The activation energy (Ea) could be calculated only in cases where t-FAs were found at 523 and 573 K (Tab. 3). The lowest Ea together with low pK-values for isomerisation of OLA and LNA were found in rapeseed and rapeseed oil. On the other hand, in linseed oil Ea = 200 KJ mol-1 for the formation of t-LNA which is near to the theoretical value of the p-bond of 265 KJ mol-1and also in seeds the higest value for Ea was found in linseed.

Although the percentages of FA isomerised in linseed seem to be similar to the ones in pumpkins, soybeans and sunflowers (Fig. 2.and 3), relatively high values of Ea together with higher pK-values indicate that there is less catalytic activity. Nearly all activation energies found in this study are lower than the value found in a publication about the isomerisation of OLA in a model system of pure triolein without catalyst, which ranged around 172 KJ mol-1(Christy and Harrington, 2008) and indicates the catalytic activity of some compounds in complex systems as there are oils and especially seeds. E.g. in rapeseed the comparatively low value of Ea confirms that trans-isomerisation is more facilitated by catalytic effects than in other crops.

On the other hand it may be argued that the high amounts of ALA present in linseed and its oils may act as a radical catcher, which might explain that the highest values for Ea for the isomerisation of all kinds of UFA are found in this crop.

The small differences in the formation of t-ALA in oils and seeds of all crops are in good accordance with the small differrences of Ea.
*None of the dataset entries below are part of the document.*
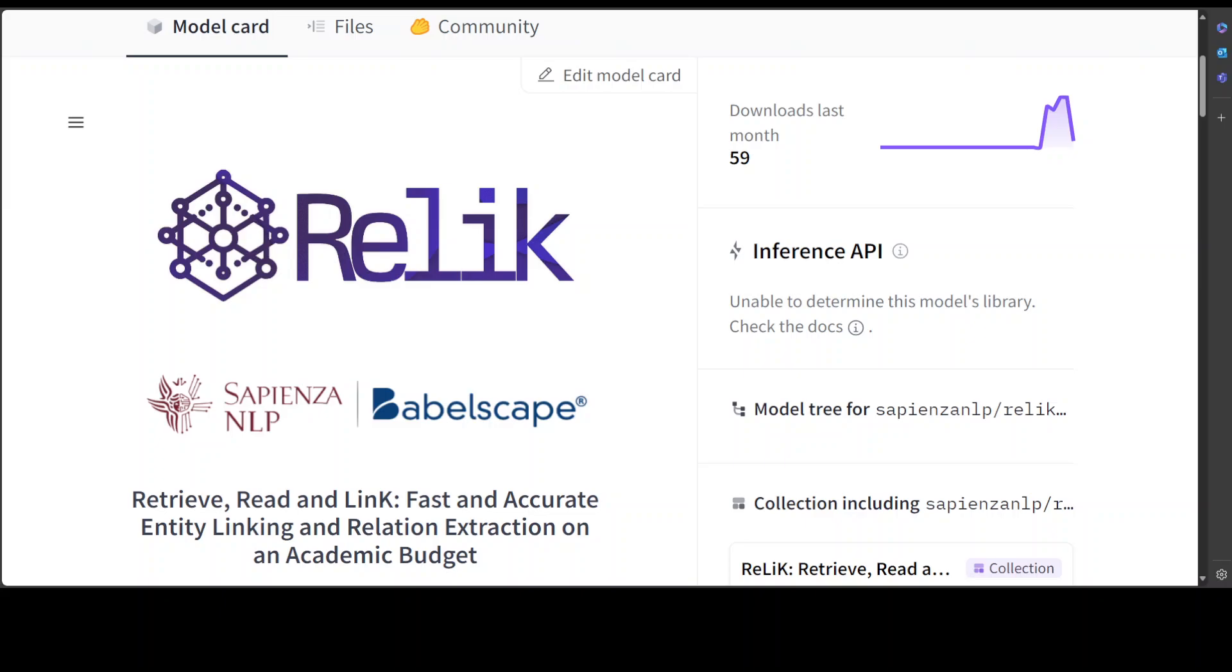Hello everyone and welcome to the channel. Entity linking and relation extraction are fundamental tasks in natural language processing, or NLP, serving as critical components in a wide range of applications. In this video we're going to install Relic, which is a retriever-reader architecture for both EL and RE. EL stands for entity linking and RE stands for relation extractions.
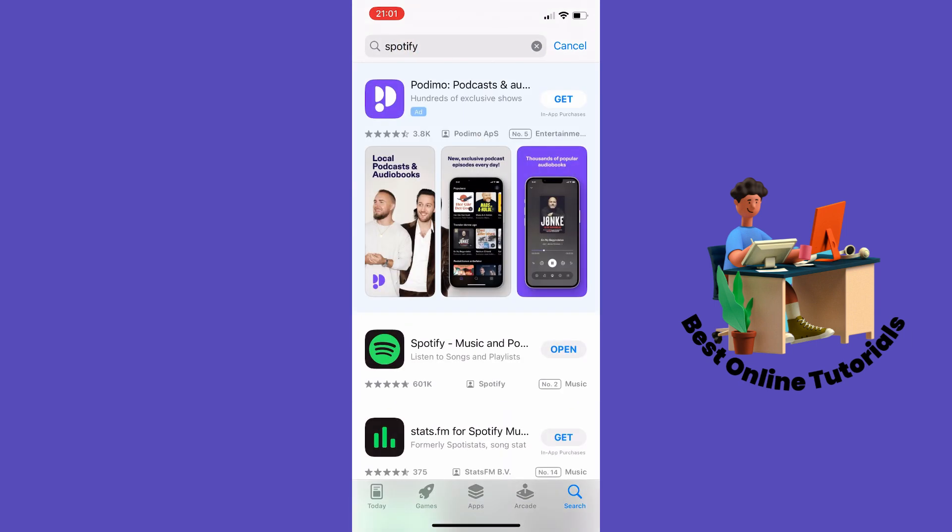Check if your Spotify app has the latest version. If the Spotify app is not on the latest version, it should say 'update' beside the app, and then you need to update it.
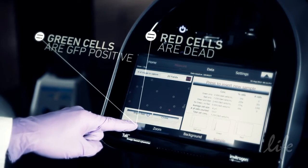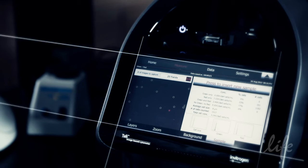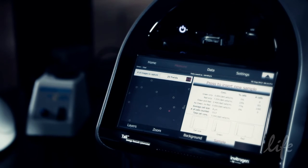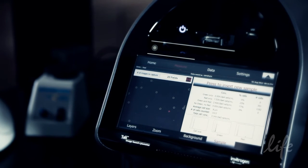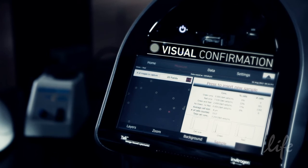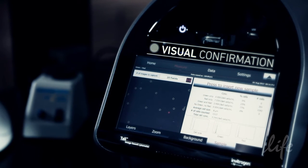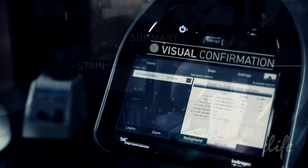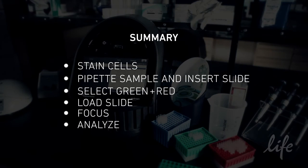The histograms for cell size and fluorescence intensity for green and red channels are also displayed and can be adjusted. The results can also be visually confirmed by examining the images of the captured fields of view. The small yet powerful Tally image-based cytometer offers quantitative analysis with visual confirmation, making it ideal to simultaneously assess transfection efficiency and viability. For more information, visit lifetechnologies.com/Tally.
In both, oils and seeds, the Ea necessary for isomerisation of ALA was lower than for any other FA.

Additionally the rate of formation of trans-isomers was higher than for ELA and t-LNA, as may be seen on the low pK-values and the high shares of t-ALA formed during heat treatment.
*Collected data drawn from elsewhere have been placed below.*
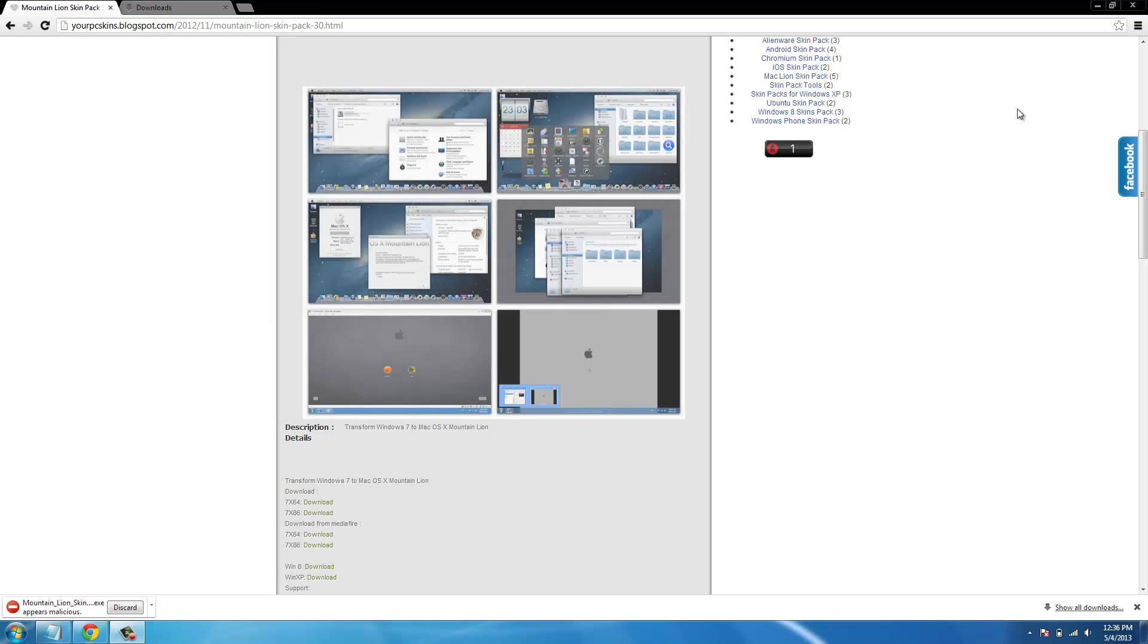Hey what up guys, this is Dan Detainers. This is my first tutorial on how to get Mountain Lion Skinpack 3.0 for Windows 7, 64 bit and 32 bit.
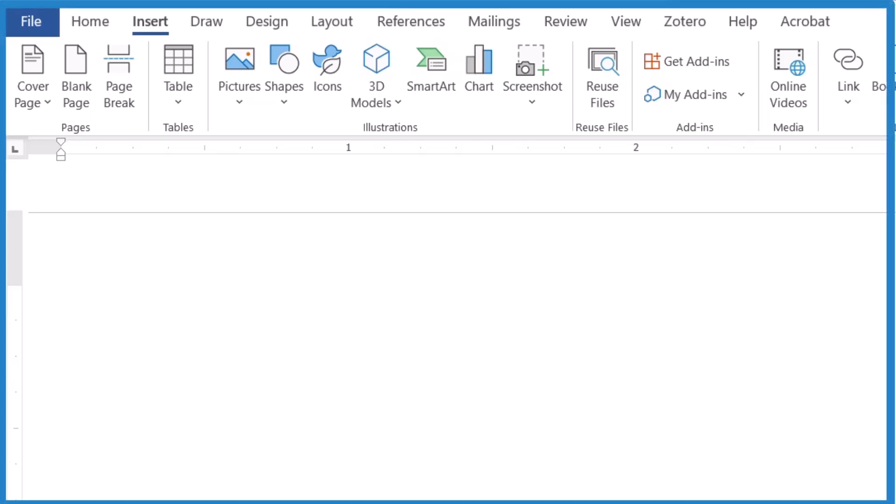So let's look at three ways we can insert a heart into Microsoft Office, just this heart symbol. We want to put it in Microsoft Office.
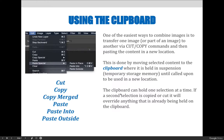One of the easiest ways to combine images is to transfer one image or part of one image to another via the cut and copy commands, and then paste them into a new location — whether that's a new layer in your existing document, or you close out of that document and open up a new file and paste it in there.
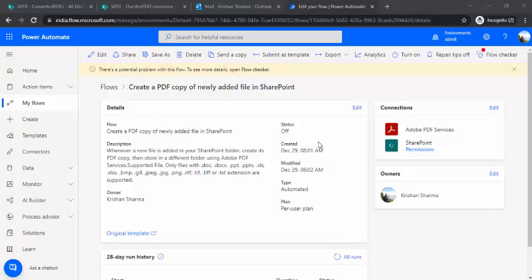Hello everyone, welcome back to the channel. In today's session we are going to talk about a fairly simple topic that is converting all type of documents to PDF.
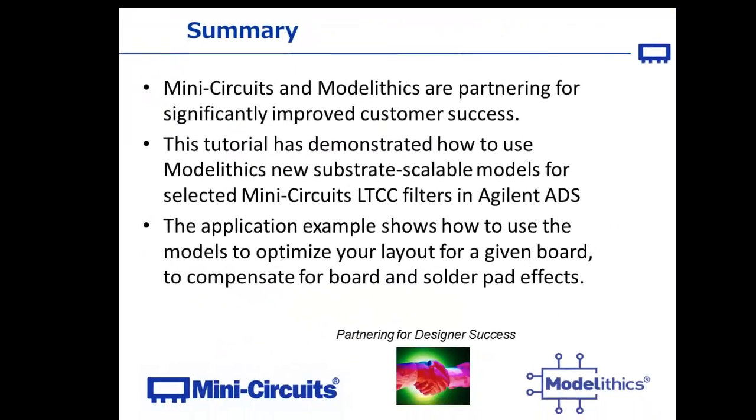In summary, Mini-Circuits and Modelithics are partnering for improved customer design success. We demonstrated how to use the models to optimize a board layout for compensating for solder pad effects and other board effects.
All this seems to indicate that ALA is a very instable compound itself, susceptible not only to oxidation but also to isomerisation and so the acceleration of isomerisation by catalysts is not as effective as for other UFAs.

The enhancement of t-FA-formation in seeds could be demonstrated to be evident. The estimation of Ea confirms by the differences of this value between oils and seeds that the enhanced formation of t FAs in seeds is based on catalytic effects. Therefore the catalytic agent has to be localized in the matrix of the samples.
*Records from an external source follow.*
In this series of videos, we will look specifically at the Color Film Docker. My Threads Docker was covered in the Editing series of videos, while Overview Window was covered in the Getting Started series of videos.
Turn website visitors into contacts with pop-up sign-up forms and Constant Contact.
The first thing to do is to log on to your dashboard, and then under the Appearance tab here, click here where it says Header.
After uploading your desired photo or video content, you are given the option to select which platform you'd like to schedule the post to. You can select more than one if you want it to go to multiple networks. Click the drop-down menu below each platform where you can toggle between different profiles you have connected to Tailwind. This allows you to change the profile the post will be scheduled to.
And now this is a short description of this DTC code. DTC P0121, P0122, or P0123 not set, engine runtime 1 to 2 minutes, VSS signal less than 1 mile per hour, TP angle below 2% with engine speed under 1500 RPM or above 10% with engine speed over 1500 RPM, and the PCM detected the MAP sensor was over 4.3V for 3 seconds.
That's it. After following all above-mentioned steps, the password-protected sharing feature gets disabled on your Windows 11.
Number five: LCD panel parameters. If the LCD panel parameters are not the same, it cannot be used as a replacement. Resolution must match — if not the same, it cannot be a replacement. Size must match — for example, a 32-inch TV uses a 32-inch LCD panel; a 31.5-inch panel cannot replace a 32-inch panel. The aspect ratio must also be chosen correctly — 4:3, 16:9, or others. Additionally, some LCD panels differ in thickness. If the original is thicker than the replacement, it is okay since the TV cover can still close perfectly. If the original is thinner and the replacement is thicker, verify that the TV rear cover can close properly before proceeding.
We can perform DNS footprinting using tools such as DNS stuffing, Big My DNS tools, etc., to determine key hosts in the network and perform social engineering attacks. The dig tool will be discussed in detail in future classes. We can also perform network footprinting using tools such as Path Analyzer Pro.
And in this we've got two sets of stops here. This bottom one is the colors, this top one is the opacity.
A lot of antecedent studies describe the role of thiyl radicals in connection with cis/trans isomerisations of UFAs in model systems and animal tissue. This leads to the conclusion that sulphur compounds in the matrix of the seeds are responsible for the increased formation of t FAs.

For the technological practice it may be concluded that only excessive heat treatment may cause the origination of t-FAs acids. Especially roasting of oil containing seeds has to be designed considering possible t FA formation. Oils are less susceptible to tFA formation, but extended heating to high temperatures, as might occur in the course of refining processes, should be avoided.